Conventionally, as shown in FIG. 10, underfill 4, a material with a high elastic coefficient, has been filled between a semiconductor chip 2 and an organic substrate 1 in a Ball Grid Array (BGA) module 3 designed for mounting a flip-chip-type semiconductor chip 2 on the organic substrate 1. Such modules are typically referred to in the art as electronic packages. Since the thermal expansion coefficient of the semiconductor chip 2 is not the same as that of the organic substrate 1, the semiconductor chip 1 and the organic substrate 2, between which underfill 4 is sandwiched, are thermally expanded or shrunk independently under a change in temperature.

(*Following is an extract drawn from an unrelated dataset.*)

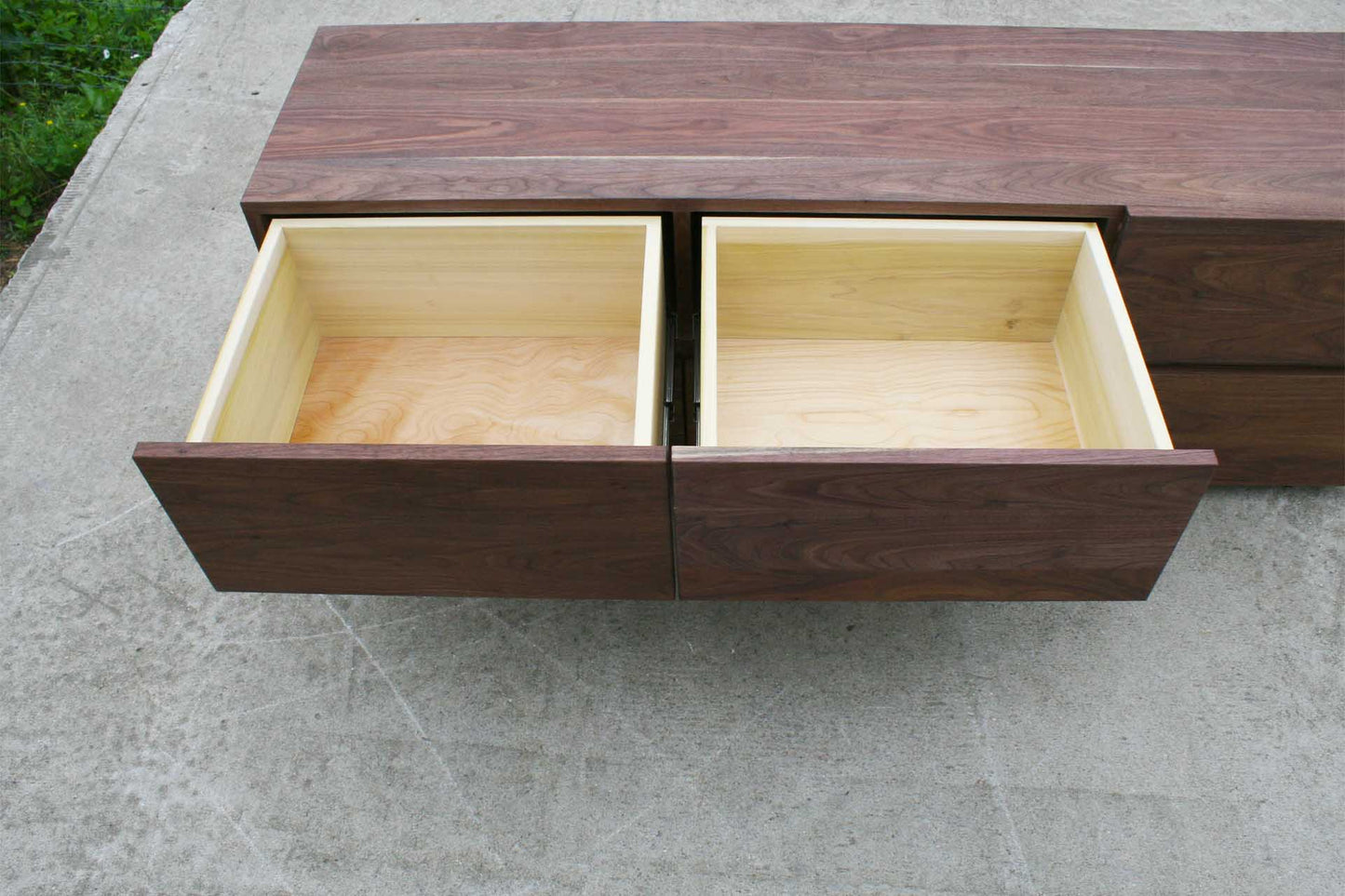 two drawers extended Triple Dresser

Accordingly, the behavior of these structures differs according to thermal coefficients of expansion of the semiconductor chip 2 and the substrate 1. For example, as shown in the much exaggerated view in FIG. 11, the module 3 may be deformed because of a rise or drop in temperature. Consequently, a BGA solder joint of the assembled module 3 may break, such that faulty connections are generated, thus exerting an adverse effect on the product's reliability. For this reason, the development of an electronic package which is not as affected by a change in temperature is strongly desired.

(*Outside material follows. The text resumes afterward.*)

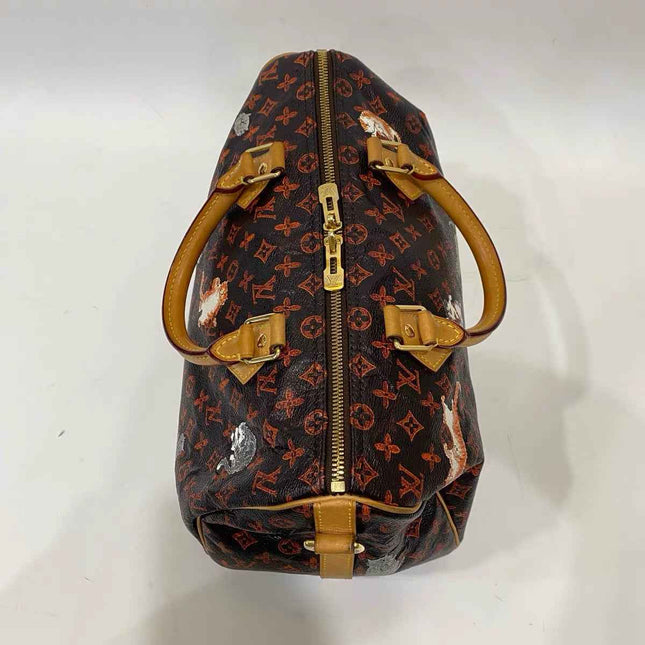 Louis Vuitton Speedy 30 Bandouliere Limited Edition Grace Coddington Catogram Brown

Laid-Open Japanese Patent Publication No. 62-249429 describes a semiconductor package in which a semiconductor "pellet" is bonded to a substrate and capped by metal or ceramics. In this package, in order to improve the radiation of heat generated inside the semiconductor "pellet", heat transfer from the semiconductor "pellet" to the cap is increased by putting the upper surface of the semiconductor "pellet" into contact with the inner surface of the cap, or through the medium of a space-filled metal. However, this publication does not mention a poor bonding between a substrate and a semiconductor chip, which is generated by warpage or deformation of the substrate caused by the difference in thermal expansion coefficient between the substrate and the semiconductor chip.